如果 HTTP 跑在非常规端口，比如 9000，建议配合 -sV：

nmap -sV -p9000 --script ./http-asset-fingerprint.nse target

如果要扫全端口上的 Web 服务：

nmap -sV -p- --script ./http-asset-fingerprint.nse target

不要轻易对所有 open TCP 端口都发 HTTP 请求。

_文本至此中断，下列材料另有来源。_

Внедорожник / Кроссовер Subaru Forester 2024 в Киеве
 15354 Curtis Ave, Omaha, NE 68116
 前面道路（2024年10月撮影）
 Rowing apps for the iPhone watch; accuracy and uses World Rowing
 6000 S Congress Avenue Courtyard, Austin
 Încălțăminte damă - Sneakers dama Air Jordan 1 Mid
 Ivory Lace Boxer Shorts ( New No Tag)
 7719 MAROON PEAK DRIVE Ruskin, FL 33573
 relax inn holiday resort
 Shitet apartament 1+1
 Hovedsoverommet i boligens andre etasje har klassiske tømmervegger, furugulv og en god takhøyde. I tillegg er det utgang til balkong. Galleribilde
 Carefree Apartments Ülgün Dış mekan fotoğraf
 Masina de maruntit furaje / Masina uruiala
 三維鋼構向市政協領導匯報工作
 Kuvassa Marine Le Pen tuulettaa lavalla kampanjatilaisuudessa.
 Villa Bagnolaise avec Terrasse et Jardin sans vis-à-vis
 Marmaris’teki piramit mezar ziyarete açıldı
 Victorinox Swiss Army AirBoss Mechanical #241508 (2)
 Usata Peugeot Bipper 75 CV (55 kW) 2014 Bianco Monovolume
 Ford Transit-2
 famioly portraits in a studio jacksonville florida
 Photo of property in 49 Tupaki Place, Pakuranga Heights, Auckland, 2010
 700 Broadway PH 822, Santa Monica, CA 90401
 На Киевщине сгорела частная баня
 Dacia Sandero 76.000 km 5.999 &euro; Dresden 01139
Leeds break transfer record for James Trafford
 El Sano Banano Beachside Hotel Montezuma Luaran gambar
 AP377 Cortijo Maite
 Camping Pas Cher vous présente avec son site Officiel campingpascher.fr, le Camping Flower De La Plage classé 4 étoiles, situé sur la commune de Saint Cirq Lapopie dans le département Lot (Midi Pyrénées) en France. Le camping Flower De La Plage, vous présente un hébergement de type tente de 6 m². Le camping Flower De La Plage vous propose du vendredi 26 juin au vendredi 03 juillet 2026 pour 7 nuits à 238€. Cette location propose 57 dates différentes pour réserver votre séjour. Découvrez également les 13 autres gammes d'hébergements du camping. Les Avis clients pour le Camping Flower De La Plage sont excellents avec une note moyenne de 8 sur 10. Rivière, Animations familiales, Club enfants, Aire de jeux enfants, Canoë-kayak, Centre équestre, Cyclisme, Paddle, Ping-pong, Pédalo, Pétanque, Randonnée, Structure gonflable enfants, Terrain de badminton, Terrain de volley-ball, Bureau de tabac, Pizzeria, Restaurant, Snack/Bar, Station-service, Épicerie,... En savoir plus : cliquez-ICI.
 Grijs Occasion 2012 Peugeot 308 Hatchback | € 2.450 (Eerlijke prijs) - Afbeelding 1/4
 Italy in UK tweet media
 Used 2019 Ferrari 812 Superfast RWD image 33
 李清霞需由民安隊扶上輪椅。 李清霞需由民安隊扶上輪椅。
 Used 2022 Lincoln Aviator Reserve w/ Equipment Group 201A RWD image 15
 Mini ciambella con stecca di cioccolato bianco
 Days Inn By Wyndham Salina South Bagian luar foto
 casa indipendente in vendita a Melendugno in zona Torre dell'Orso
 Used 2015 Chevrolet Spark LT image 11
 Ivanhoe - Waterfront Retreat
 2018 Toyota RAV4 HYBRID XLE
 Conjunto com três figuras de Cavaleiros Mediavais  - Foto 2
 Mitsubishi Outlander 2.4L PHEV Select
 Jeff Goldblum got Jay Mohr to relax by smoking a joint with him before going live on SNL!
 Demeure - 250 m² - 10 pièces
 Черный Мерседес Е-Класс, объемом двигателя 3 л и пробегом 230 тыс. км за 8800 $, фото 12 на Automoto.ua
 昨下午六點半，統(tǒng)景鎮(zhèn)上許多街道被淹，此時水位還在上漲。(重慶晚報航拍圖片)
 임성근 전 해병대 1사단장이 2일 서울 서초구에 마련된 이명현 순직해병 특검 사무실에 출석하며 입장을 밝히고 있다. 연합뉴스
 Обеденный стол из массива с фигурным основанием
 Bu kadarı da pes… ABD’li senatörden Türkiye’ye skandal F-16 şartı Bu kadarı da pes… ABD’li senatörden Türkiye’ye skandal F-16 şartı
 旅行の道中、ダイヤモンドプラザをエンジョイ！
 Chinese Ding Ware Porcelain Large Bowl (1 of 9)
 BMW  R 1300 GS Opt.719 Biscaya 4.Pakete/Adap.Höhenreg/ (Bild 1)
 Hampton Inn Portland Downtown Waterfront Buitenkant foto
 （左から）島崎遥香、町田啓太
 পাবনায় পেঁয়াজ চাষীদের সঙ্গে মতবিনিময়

那样会更激进，也更吵。

支持脚本参数
#

NSE 里可以通过 stdnse.get_script_args 获取参数。

local path = stdnse.get_script_args(SCRIPT_NAME .. ".path") or "/"
local max_body_size = tonumber(stdnse.get_script_args(SCRIPT_NAME .. ".max-body-size")) or 2 * 1024 * 1024
local user_agent = stdnse.get_script_args(SCRIPT_NAME .. ".useragent")
  or "Mozilla/5.0 (Windows NT 10.0; Win64; x64) AppleWebKit/537.36 (KHTML, like Gecko) Chrome/125.0.0.0 Safari/537.36"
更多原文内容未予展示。